L'Italien peine encore à trouver le bon plan de frappe et subit le lift adverse. Le rebond haut le gêne énormément. Résultat : sa balle sort des limites du court.

Le roi de la terre

Totalement relancé à l'entame d'un cinquième set de tous les dangers, Alcaraz a choisi le meilleur moment pour livrer une véritable masterclass tactique et rappeler au monde du tennis que le boss de l'ocre, c'est lui. Dans l'incapacité de mettre en place ses schémas de terrien durant la première partie de la rencontre, il a utilisé toute sa palette dans le sprint final pour écœurer un Sinner moins bien physiquement après quatre heures de jeu. À commencer par le service kické.
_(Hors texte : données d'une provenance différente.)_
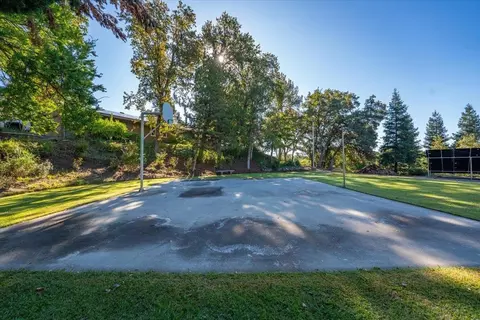 Exterior - 14807 Hilltop Dr, Red Bluff, CA 96080 photo 6 of 12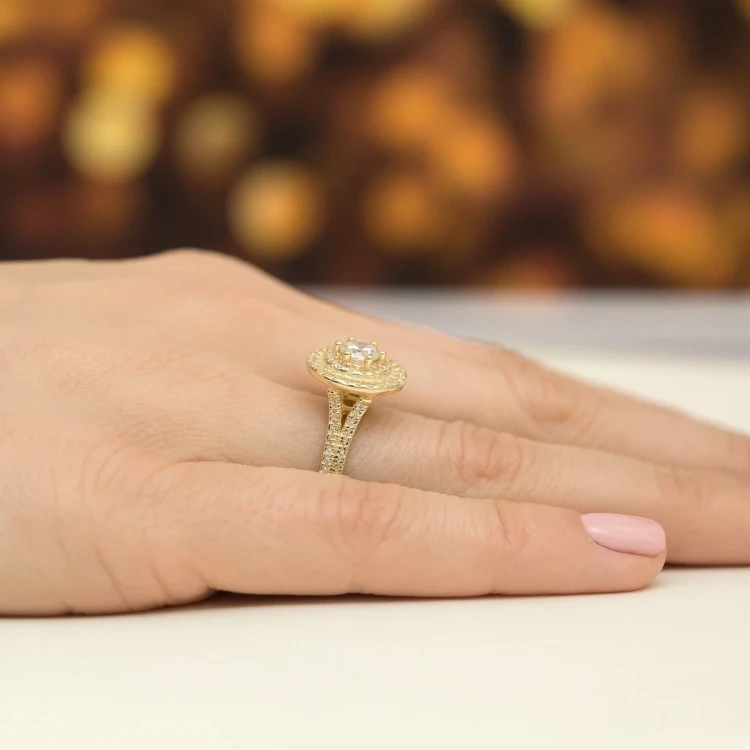 Okazały pierścionek diament laboratoryjny 0,50ct i 88 kamieni bocznych żółte złoto Lab Diamonds W0549.Z3.LDW.02 marko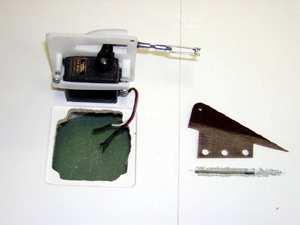 Aileron and flaps servos : If necessary increase the hole for
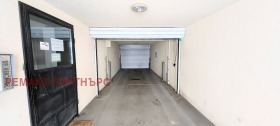 Garage Kolhozen pazar, Varna 3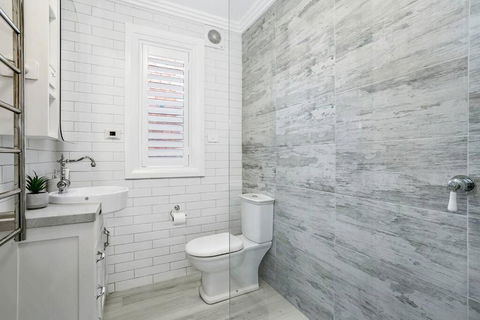 BALO1 - The Esplanade - Mosman - Accommodation Kalgoorlie 1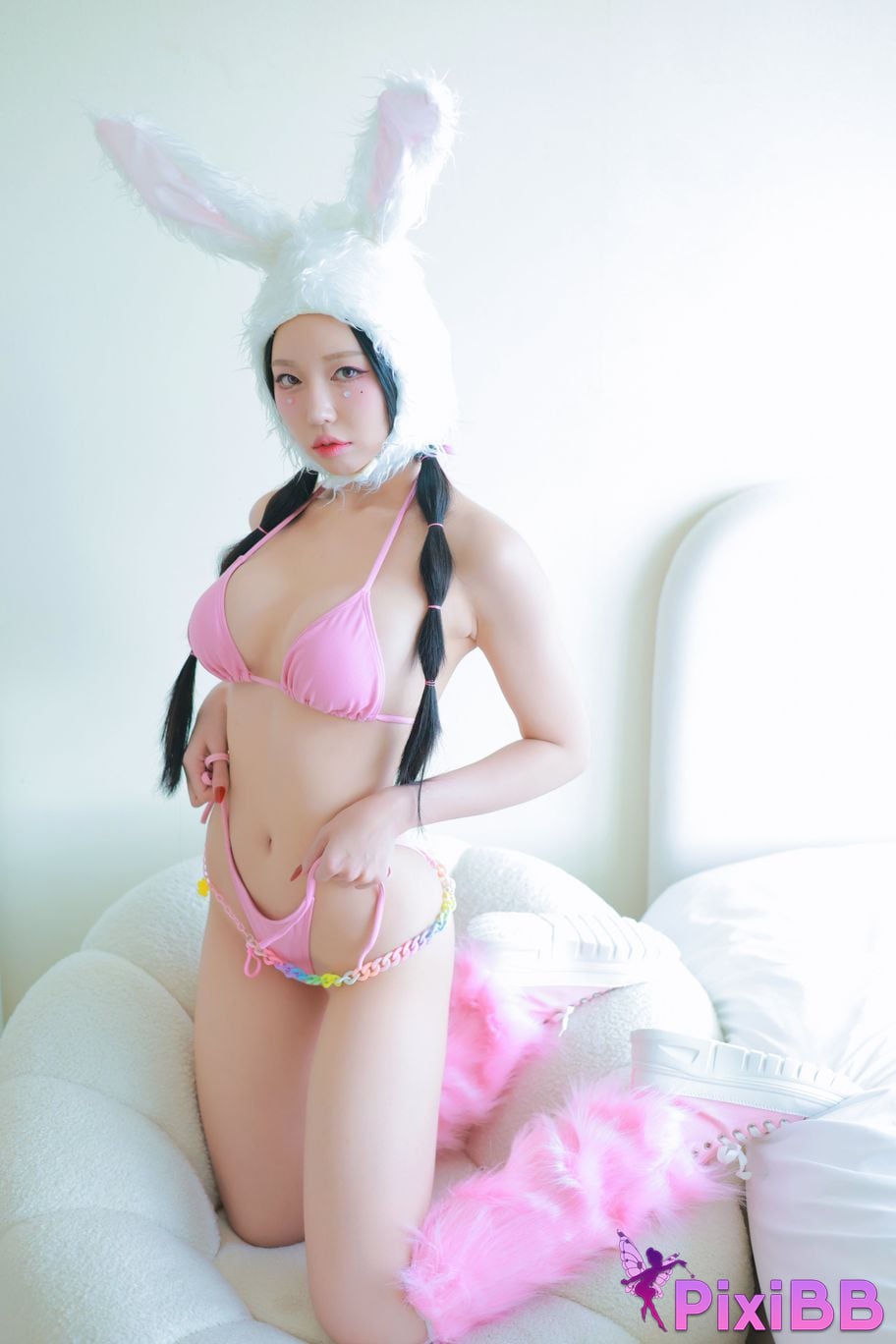 Dongeuran round Naked Bunny PixiBB.COM 001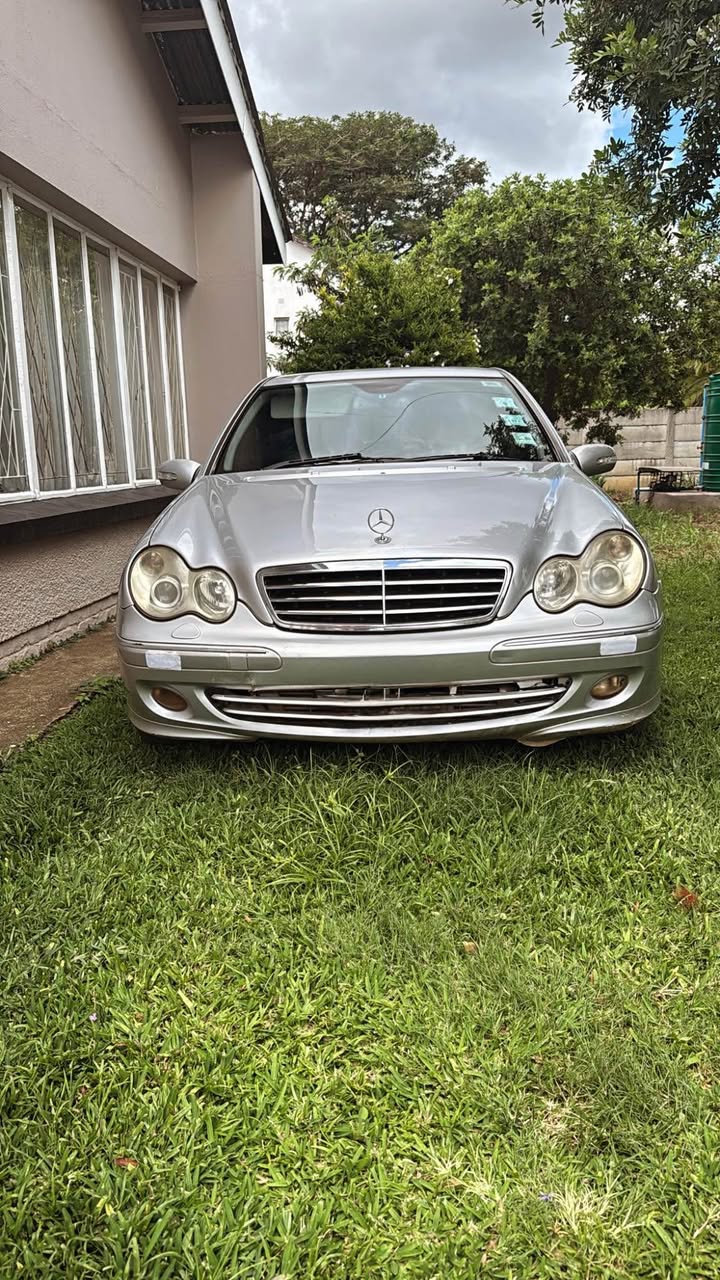 classifieds/cars mercedes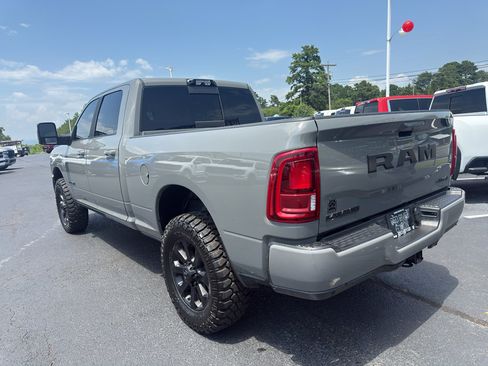 Used 2025 RAM 2500 Laramie w/ Night Edition AWD/4WD image 5
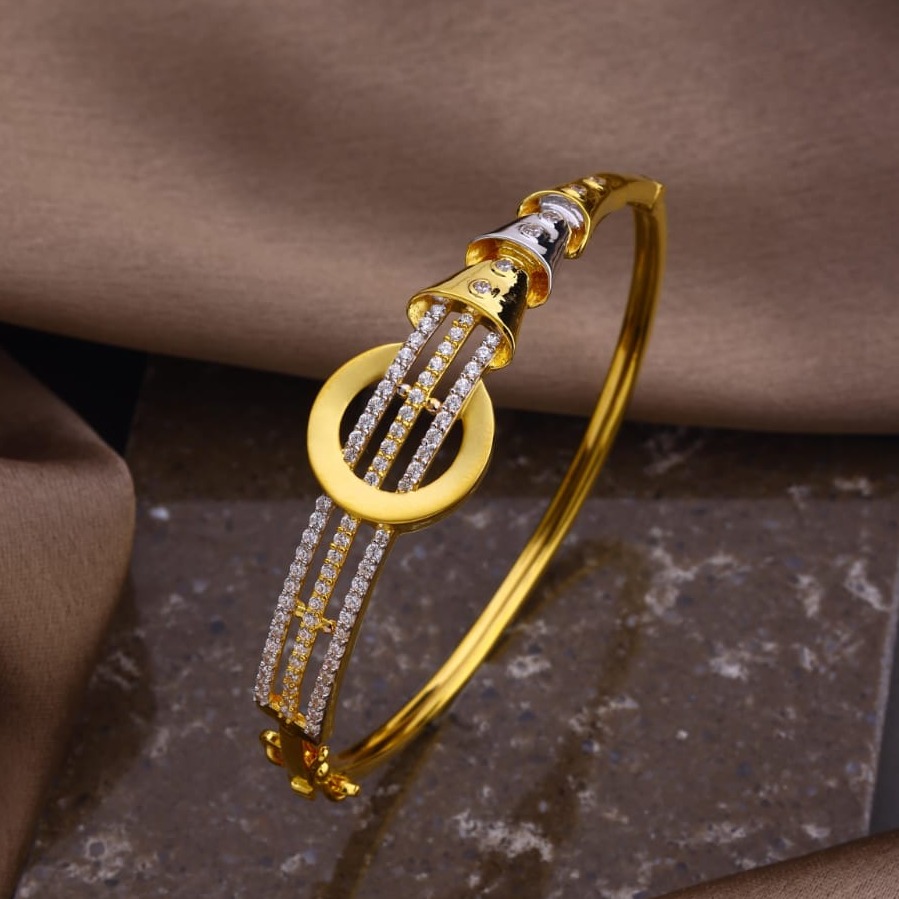 GOLD FANCY BRACELET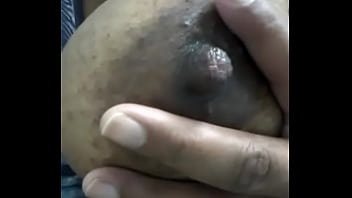 ⁣Gordinha Brincando Com Banana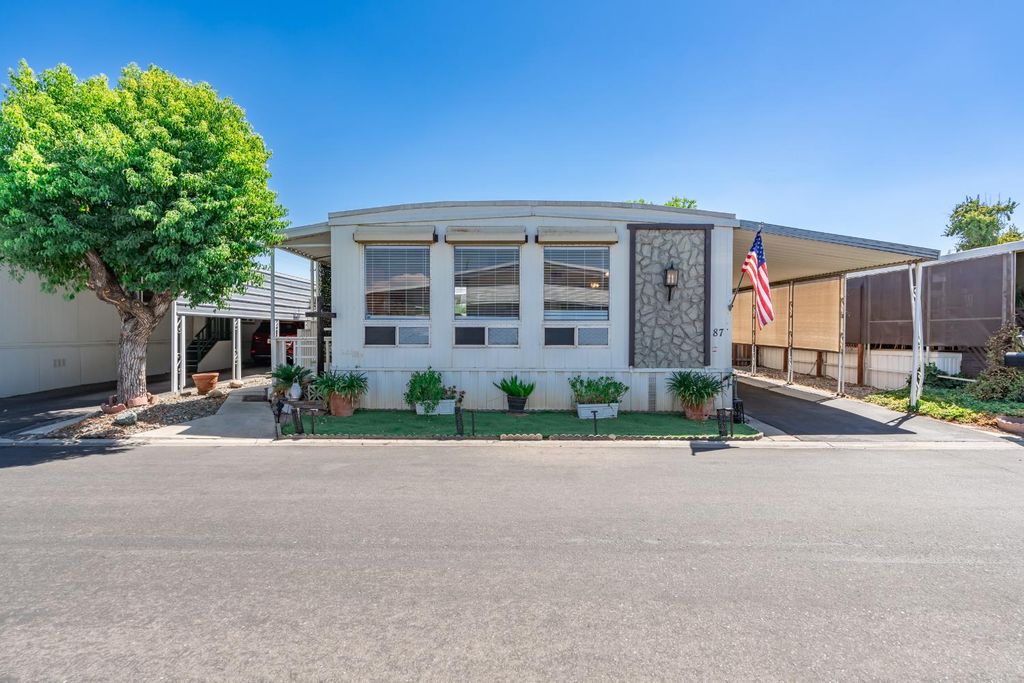 221 W Herndon Avenue # 87, Pinedale, CA 93650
Pour sauver une balle de débreak à 2-1 en sa faveur, le n°2 mondial décide d'utiliser le service kické, sa mise en jeu favorite sur terre battue.

Moins à l'aise face à un tel rebond, le Transalpin laisse tout le court ouvert à son opposant. Ce dernier en profite pour se décaler en coup droit et terminer le point en deux coups de raquette.

Très discrète au début de la partie, la célèbre amortie de "Carlitos" a également crevé l'écran durant le cinquième set, preuve de la montée en puissance et de la prise de pouvoir du Murcien. Conscient de la fatigue physique de son rival - qui n'a encore jamais remporté de match dépassant les 4h au cours de sa carrière -, il en a tenté 11 au cours de la manche décisive, plus que durant les deux précédentes réunies (8). Un schéma souvent gagnant, à l’image de ces deux points cruciaux.

Alcaraz, maître du "clutch"

Pour parachever le récital, Alcaraz, insubmersible malgré l'imprédictible retour au premier plan de son adversaire en toute fin de rencontre, a tendu les bras vers la Coupe des Mousquetaires en livrant un super tie-break absolument stellaire. Invaincu en finale de Grand Chelem, le n°2 mondial a rappelé au monde qu'il n'a pas d'égal sur le circuit dans ce genre de moments décisifs.

À l'image de la fin du quatrième set, l'Espagnol a considérablement élevé son niveau lors des dernières minutes de la partie. Ici, sa gifle de coup droit croisée rebondit pile sur la ligne et laisse sur place Sinner. Risque payant.

Toujours aussi serein malgré la pression et l'enjeu, "Carlitos" a la lucidité et le courage de tenter des amorties pendant le super tie-break. De quoi surprendre Sinner, qui part de loin.

Impressionnant de ténacité, ce dernier est présent sur la balle, mais le passing est facile pour le Murcien.

Sorti vainqueur d'un match d'anthologie qu'il considère lui-même comme "le plus grand auquel il a pris part", Alcaraz a écrit l'histoire et envoyé un message clair à tous ses rivaux par la même occasion : le battre en finale de Grand Chelem constitue déjà l'un des plus grands challenges de la discipline. En plus de son talent fou, les ressources du n°2 mondial sont inépuisables. Sens tactique, adaptation, résilience, sang-froid... Le Murcien a tous les atouts et toutes les cartes en main. Il en fait déjà très bon usage, et ça ne fait que commencer.